It's working for Amy O’Brien
"I said . . . 'I am actually pregnant and I would like the opportunity to work from home two days a week.’ And I was prepared to quit if they didn’t agree."
She was being offered a promotion to a much bigger position with the front office of the Denver Nuggets, but felt it was time to be clear about her situation. “I was in a meeting and they were giving me a promotion and a bunch more money. I said, ‘you guys are great, thanks, I am actually pregnant and I would like the opportunity to work from home two days a week.’ And I was prepared to quit if they didn’t agree. They were both like absolutely, whatever you want to do, figure it out. I was really lucky,” she said.
For Amy, working for the Nuggets while being a mom to son, Connor, has worked out better than she ever expected. “Our front office is really small,” she explained. “I am director of player development and team operations for Denver Nuggets. With each player we work to identify what their goals are: acclimating to NBA, substance abuse, family issues, absentee father, all of those kind of things.
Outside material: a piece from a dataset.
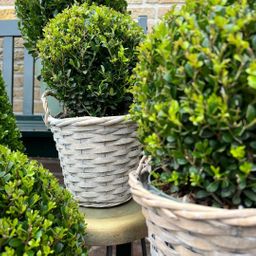 Plants by frank 2x Ilex crenata 'Jenny' bol in rietenmand | set van 2 stuks | 20 cm Ø diameter (8721001420360)
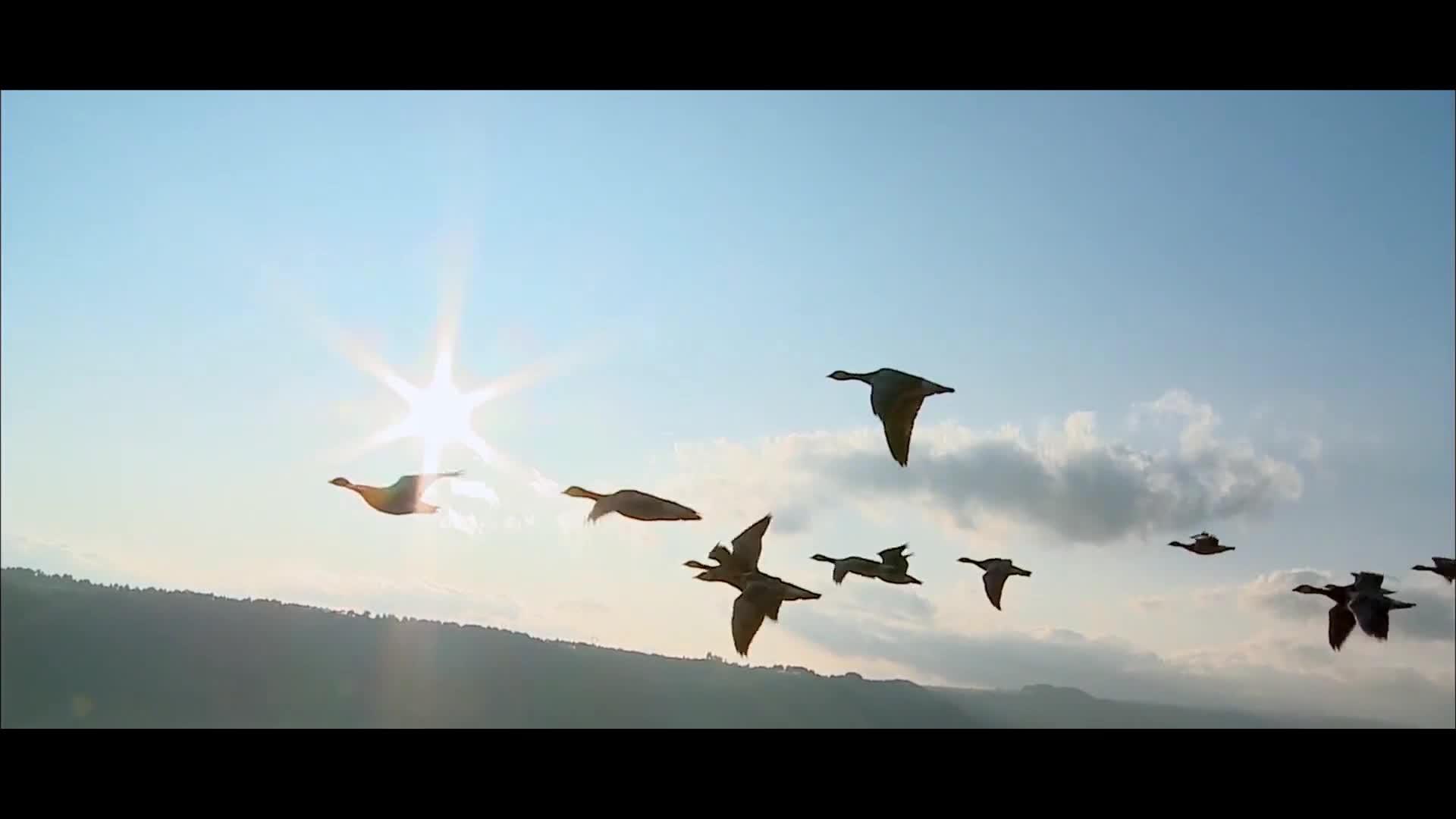 镜头光晕转场教程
In addition, I work closely with our captains to bring programming to the team.”
Amy’s maternity leave meant she would be out during the Nuggets’ playing season, “You are always hands on deck from Oct-April, no matter what. I was concerned about missing it.”
But Amy found a way to make it work, both while on maternity leave and when coming back to work full time. She credits her husband–who is incredibly supportive and a complete partner in parenthood–her amazing nanny, and her supportive workplace, even though she is only one of a handful of women in the front office, and many of the men she works with have wives who are primary caretakers. She was able to work from home two days a week, and says she is always available by email or phone.
“My job is 24/7. I might not be doing anything with a player on 1pm on a Friday, but they are texting me after a game on a weeknight and I need to deal with them then,” Amy says.
Her advice is for women to support one another during such transitions. “Women are getting more and more successful. We’re all in this together. The more we can be a supportive sisterhood, the better.”
“It’s really different for me,” she says, referring to the male-dominated organization in the Nuggets’ front office. “You can’t explain to someone what it’s like to have children. Whatever deal you made with yourself and your family, that is the deal you have to stick to. You have to be at peace with your decisions, and that is it.”